料理の腕もよかったのだろう。とても美味しかった。
古代ローマの人々にも、魚醤は好まれていたようである。
プリニウス(Plinius, 23-79AD)の『博物誌』(Naturalis historia)には
次のように記されている(31.43)。
更にひとつ、卓越した液体がある。
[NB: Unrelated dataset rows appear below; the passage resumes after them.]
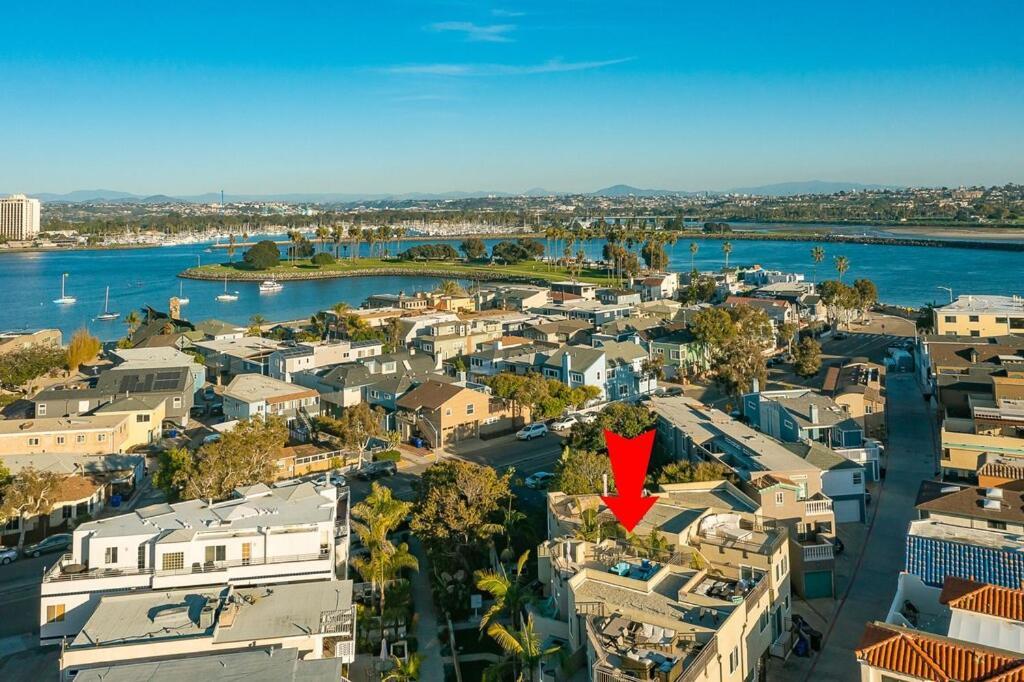 Stunning South Mission With Private Rooftop & Ocean Views! San Diego
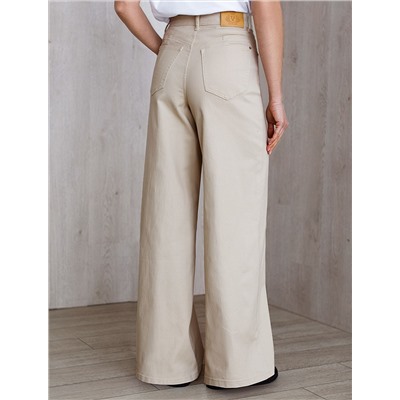 Джинсы трубы из эластичного денима средней плотности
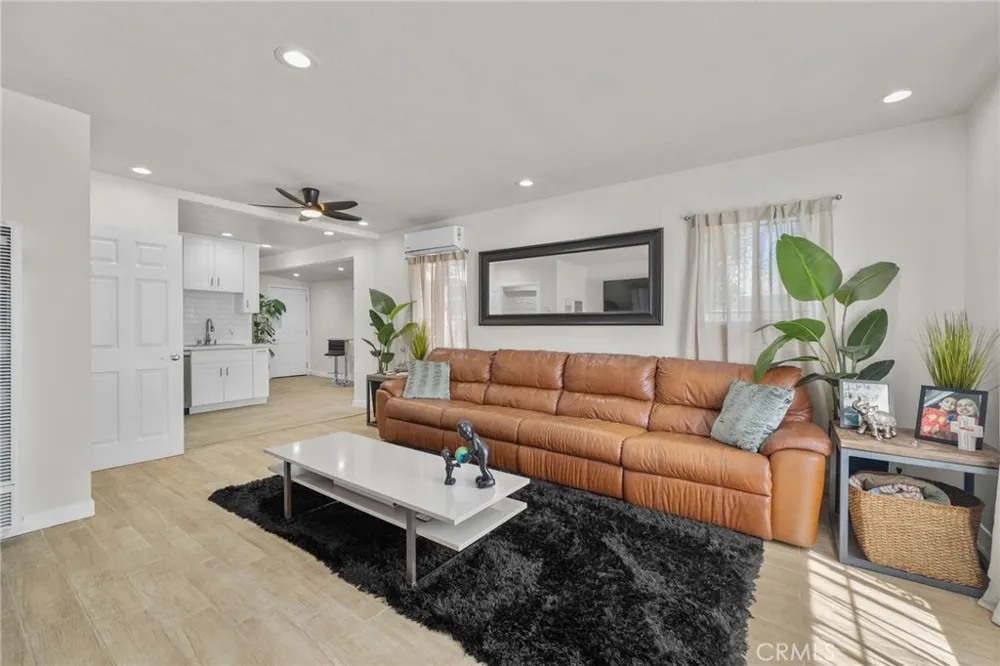 7941 Lemona Avenue Panorama City, CA 91402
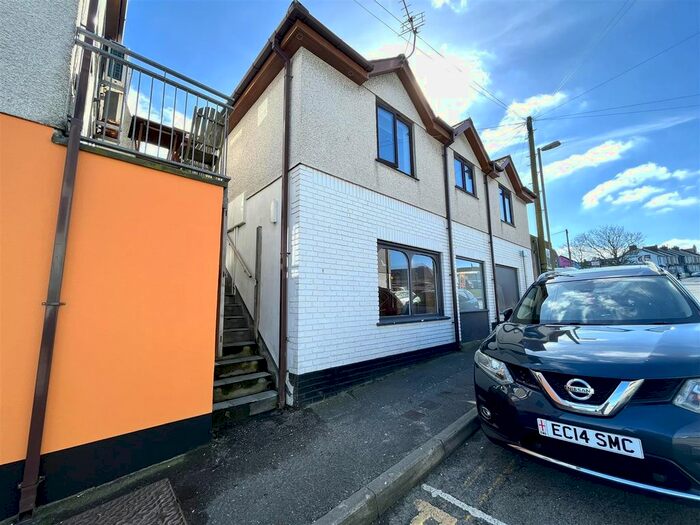 2 Bedroom Flat To Rent In Fore Street, Newquay, TR7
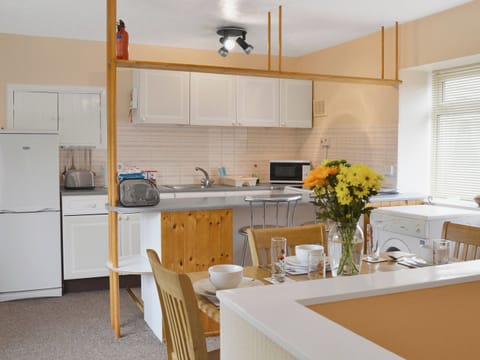 Kitchen/diner | The White Cottage, Furness Vale, nr. Whaley Bridge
それは人々がガルムと呼んでいるもので、
魚の内臓とその他の本来なら捨てるべき部分を塩漬けにしたものである。
ガルムとはまさに、それらが腐敗して生じる液に他ならない。
腐敗して生じる液・・・こう言われては何だか食欲が失せてしまうが、
たしかに、においは強烈だもんなあ。
しかしながら、ガルムは、非常に高価なものだったらしい。
プリニウスは続けて言う。
かつてこれは、ギリシア人たちがガロスと呼んでいた魚で作られていた。
(中略) 現在は、「同志たちのガルム」という、カルタゴ・スパルタリアの
養魚場のサバで作られたものが天下一品であるとされており、
およそ2コンギウスが、銀貨1,000枚で取引されている。
香油を除けば、他のどんな液体も、これ以上の値段がつくことはまずなく、
製造者たちの名声をも高めている。
2コンギウスは約6.4リットルである。
「同志たちのガルム」(garum sociorum)が高級品だったことについては、
マルティアーリス(Martialis, 40-104頃)の『エピグランマタ』(Epigrammata)
にも記述がある(13.102)。
<同志たちのガルム>
生きのよいサバの上等の血から作られた名高いガルムを
高価な贈り物として受け取りたまえ。
高級なガルムは、宴会客への贈り物などとしても用いられていたそうである。
アピキウスの『料理帳』の料理に、いかにも気楽に使われているリクアメンが、
そんなに高価なガルムだったとはちょっと考え難い。
おそらく、ガルムにも高いものから安いものまで色々あって、
普段は比較的安価なものが用いられていたのではないだろうか。
私自身は今のところ、日常的に魚醤を使ってはいない。
しかし、良いものを1本手に入れて食堂に常備しておき、
時々古代ローマの味覚に思いを馳せるのも悪くないな、と思った。